● DATA FOR THIS TASK:

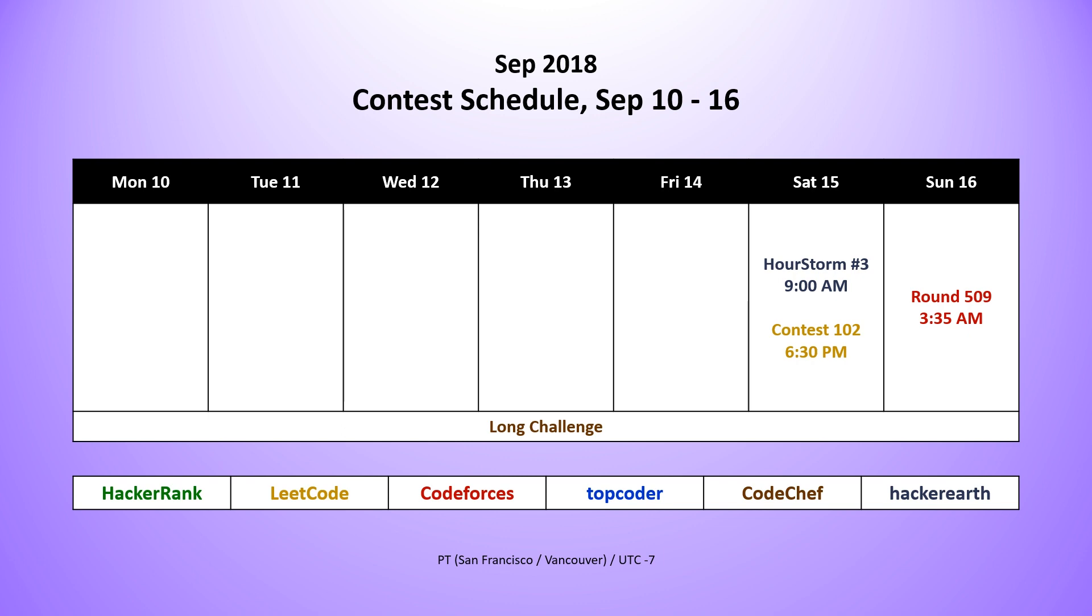starting with on Saturday from Hacker Earth, the Hour Storm number three contest. On Saturday evening, of course, we had from Leak Code contest 101, and from Code Forces early in the morning on Sunday, we had round 509. And throughout the week, we also had from Code Chef the long challenge.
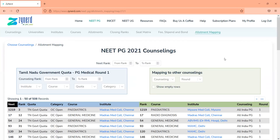What we will not do is share a complete rank range based allotment — like 3000 to 4000, give me all dual allotments — we don't think that is useful. What is useful is figuring out what happens in a particular counseling. But if you have other suggestions, please let us know in the comment section. Share this with friends or others for whom this may be helpful. Thanks a lot for watching and for the tremendous response to Zynert till now. Thank you.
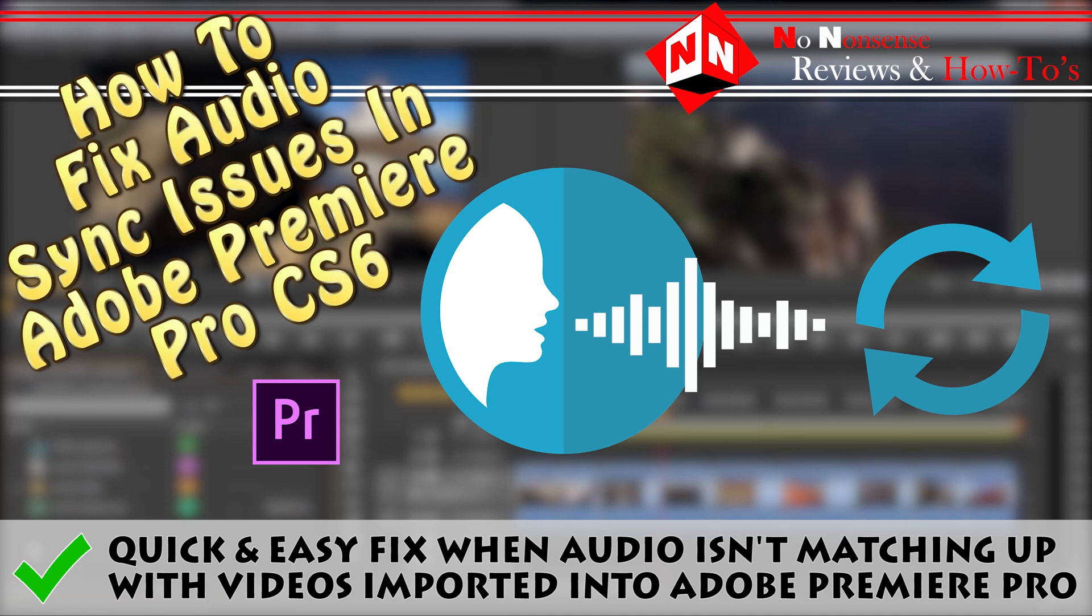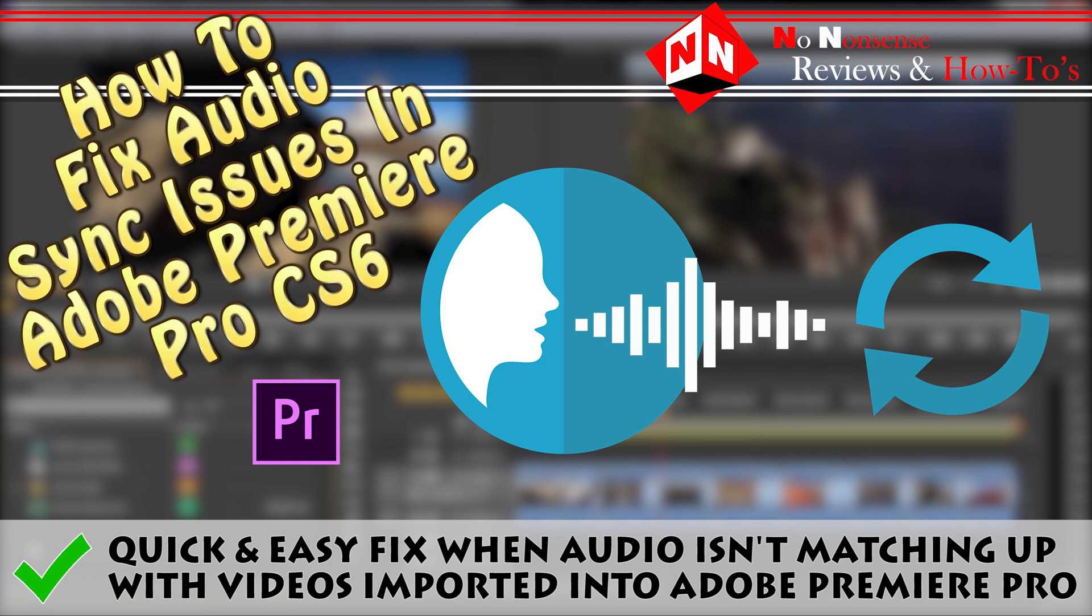Welcome back to No-Nonsense Reviews and How-To's. You may notice that sometimes when you import video files into Adobe Premiere Pro CS6, the audio doesn't match up with the video. I can't tell you why that happens, but I can tell you how to fix it. So let's get started.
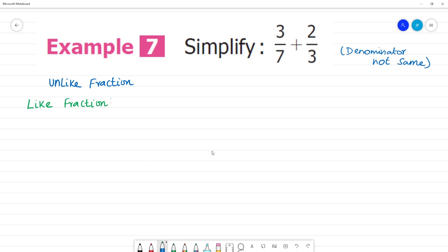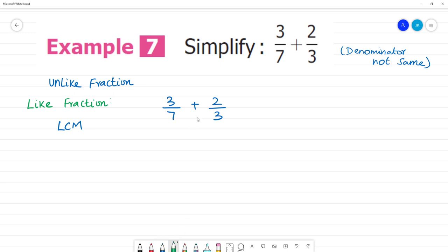We will use the cross multiplication technique. That is, LCM is not the same. We will add 3/7 plus 2/3. We will say 7 multiplied by 3. That is, 7 multiplied by 3 is 21. Now, if we multiply the two denominators, we will multiply.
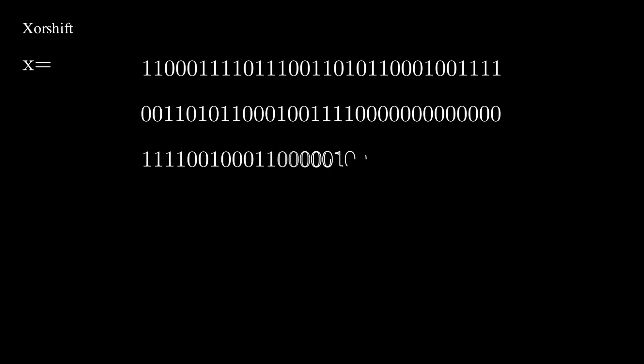You essentially compare each number digit by digit or bit by bit and write down a new number. If both digits are the same, write a 0. If they are different, write down a 1. Now, you can see why it's called XORSHIFT.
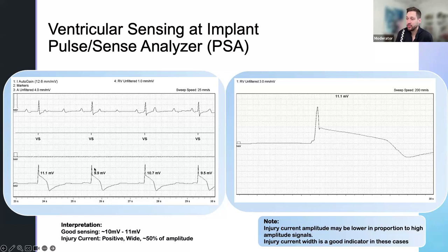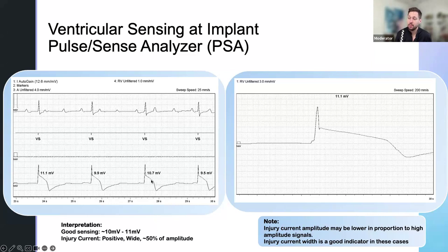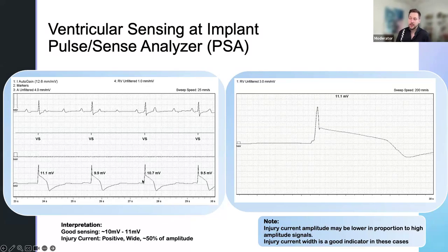Good injury current — it's positive, which is fantastic. It's wide, which we love to see. It's 50% of the amplitude. If you have a very high amplitude signal, your injury current could reflect as less than it really is. So if you have a 20 millivolt signal and the injury current is only five millivolts high, that's still a good injury current — it's about half of the QRS. We're not necessarily looking for the height of the injury, especially when you have a tall signal. We're looking for this widening of the QRS or widening of the EGM QRS.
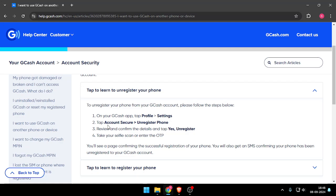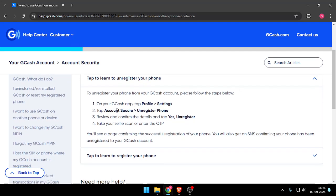And then you will have to review and confirm the details and then click on Yes, Unregister, and take your selfie scan or enter the OTP. So yeah, that's it for today's video.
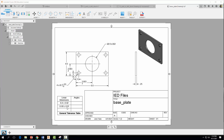For example, the thickness dimension 0.25 has two decimal places, so the tolerance applied to it is ±0.01.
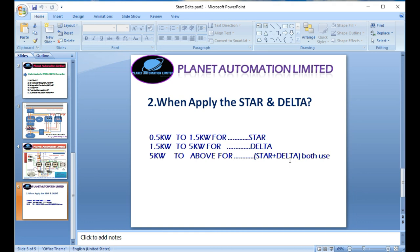So friends, this is the main topic of the star-delta connection. If you want to know the configuration of any kinds of motor, please subscribe to the channel and click the bell icon so you never miss another update. Follow the next video tutorial.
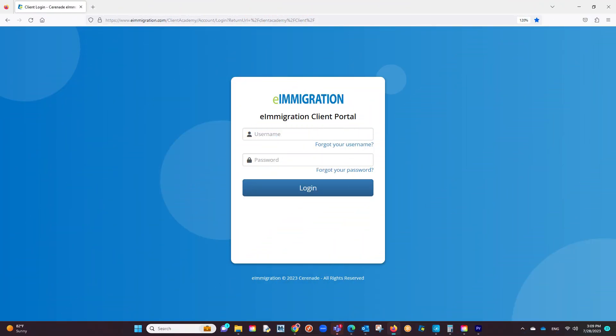In order to log into the Client Portal, you must have a set of credentials given to you by your caseworker. Let us log into the Client Portal.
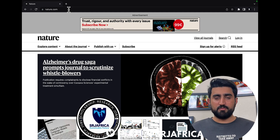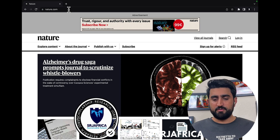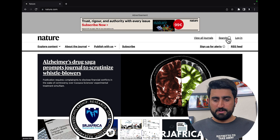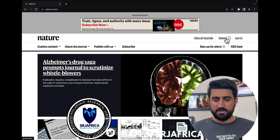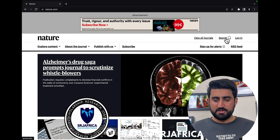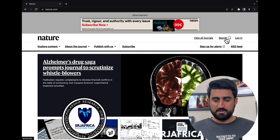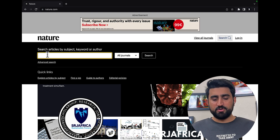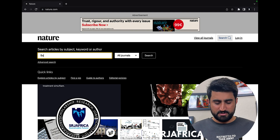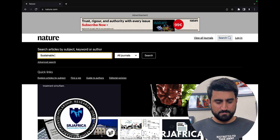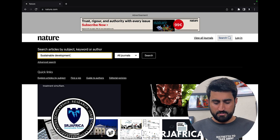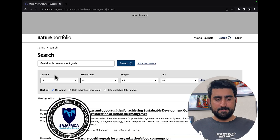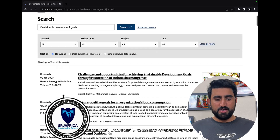This is a highly valuable research platform. We're going to first click on the search bar on the right side of the website. Here I'm going to type my area of research — for example, 'sustainable development goals.'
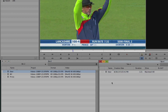In this method, a pointer to the existing media is created, but no new media is generated. So whatever changes you make on this clip here will be reflected on the original clip and vice versa. If I delete any of the clips, the other one will be deleted.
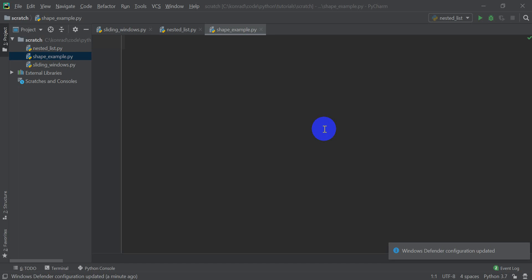Hi folks, welcome to Open Source Options. In this tutorial, I'm going to show you how you can find the shape of a Python list or a tuple. It's really easy to do. Let's get started.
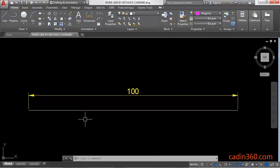So let's learn. To divide a line by distance, you have to activate the measure command.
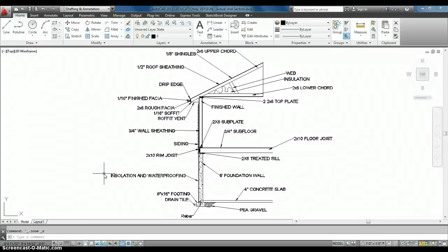Hello, ARCIE students. This is your tutorial on how to create your typical wall section, or essentially we're just going to copy this typical wall section.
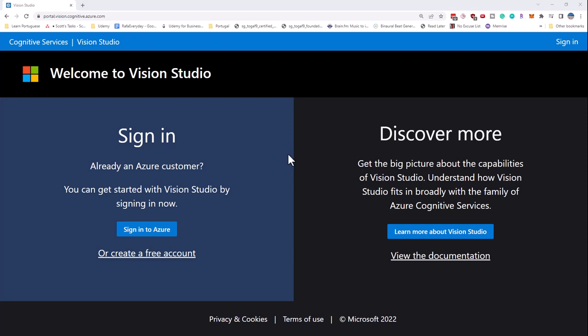Now in various places in this course, you're going to see that you can run demos of the various cognitive services APIs. Microsoft used to have them freely available on their documentation website, and what they've done is they've removed them from the documentation and put them in this Vision Studio.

● TO DO: Each entry above should be copied exactly. The pictures should not.

● SOLVED PROBLEM:
starting with on Saturday from Hacker Earth, the Hour Storm number three contest. On Saturday evening, of course, we had from Leak Code contest 101, and from Code Forces early in the morning on Sunday, we had round 509. And throughout the week, we also had from Code Chef the long challenge.
What we will not do is share a complete rank range based allotment — like 3000 to 4000, give me all dual allotments — we don't think that is useful. What is useful is figuring out what happens in a particular counseling. But if you have other suggestions, please let us know in the comment section. Share this with friends or others for whom this may be helpful. Thanks a lot for watching and for the tremendous response to Zynert till now. Thank you.
Welcome back to No-Nonsense Reviews and How-To's. You may notice that sometimes when you import video files into Adobe Premiere Pro CS6, the audio doesn't match up with the video. I can't tell you why that happens, but I can tell you how to fix it. So let's get started.
We will use the cross multiplication technique. That is, LCM is not the same. We will add 3/7 plus 2/3. We will say 7 multiplied by 3. That is, 7 multiplied by 3 is 21. Now, if we multiply the two denominators, we will multiply.
You essentially compare each number digit by digit or bit by bit and write down a new number. If both digits are the same, write a 0. If they are different, write down a 1. Now, you can see why it's called XORSHIFT.
Good injury current — it's positive, which is fantastic. It's wide, which we love to see. It's 50% of the amplitude. If you have a very high amplitude signal, your injury current could reflect as less than it really is. So if you have a 20 millivolt signal and the injury current is only five millivolts high, that's still a good injury current — it's about half of the QRS. We're not necessarily looking for the height of the injury, especially when you have a tall signal. We're looking for this widening of the QRS or widening of the EGM QRS.
And then you will have to review and confirm the details and then click on Yes, Unregister, and take your selfie scan or enter the OTP. So yeah, that's it for today's video.
For example, the thickness dimension 0.25 has two decimal places, so the tolerance applied to it is ±0.01.
So friends, this is the main topic of the star-delta connection. If you want to know the configuration of any kinds of motor, please subscribe to the channel and click the bell icon so you never miss another update. Follow the next video tutorial.
In order to log into the Client Portal, you must have a set of credentials given to you by your caseworker. Let us log into the Client Portal.
This is a highly valuable research platform. We're going to first click on the search bar on the right side of the website. Here I'm going to type my area of research — for example, 'sustainable development goals.'
In this method, a pointer to the existing media is created, but no new media is generated. So whatever changes you make on this clip here will be reflected on the original clip and vice versa. If I delete any of the clips, the other one will be deleted.
Hi folks, welcome to Open Source Options. In this tutorial, I'm going to show you how you can find the shape of a Python list or a tuple. It's really easy to do. Let's get started.
So let's learn. To divide a line by distance, you have to activate the measure command.
Hello, ARCIE students. This is your tutorial on how to create your typical wall section, or essentially we're just going to copy this typical wall section.
Now in various places in this course, you're going to see that you can run demos of the various cognitive services APIs. Microsoft used to have them freely available on their documentation website, and what they've done is they've removed them from the documentation and put them in this Vision Studio.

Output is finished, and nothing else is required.